In broader terms, Bloomberg reports that the Eureka Hedge Fund Index, which tracks the returns of hedge funds which are known for using machine learning, has under performed yearly compared to the S&P 500. The harsh truth (right now) is that simply investing in the S&P500 will return ~13% yearly, while machine-learning based hedge funds return ~9% yearly.
Eureka Hedge Fund Index
(The keen observer will notice that despite all the noise, the index has been steadily going up over the past 7 years)

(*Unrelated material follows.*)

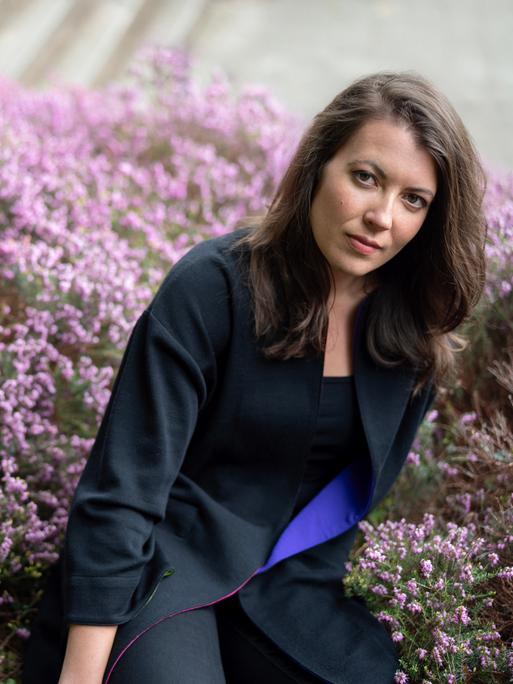 Porträt von Maria Reva vor einer blühenden Hecke. Sie hat dunkles schulterlanges Haar und trägt einen blauen Blazer. Porträt von Maria Reva vor einer blühenden Hecke. Sie hat dunkles schulterlanges Haar und trägt einen blauen Blazer.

These are some of the questions I ask those few who read what I am writing, and are the types of questions I will ask through my personal research interviews (Good News! I have my first interview scheduled this upcoming Tuesday, and, interviewee permitting, I will post a summary of our talk later in the week).
In my personal opinion, the recent under performance of trading algorithms in general is not a bad sign. This is still a relatively new field, meaning that more research needs to be done and new discoveries need to be made. I think of it this way: If trading algorithms are working perfectly, then what’s the point of a newcomer (like me) coming in and doing research on them? If it ain’t broke, don’t fix it.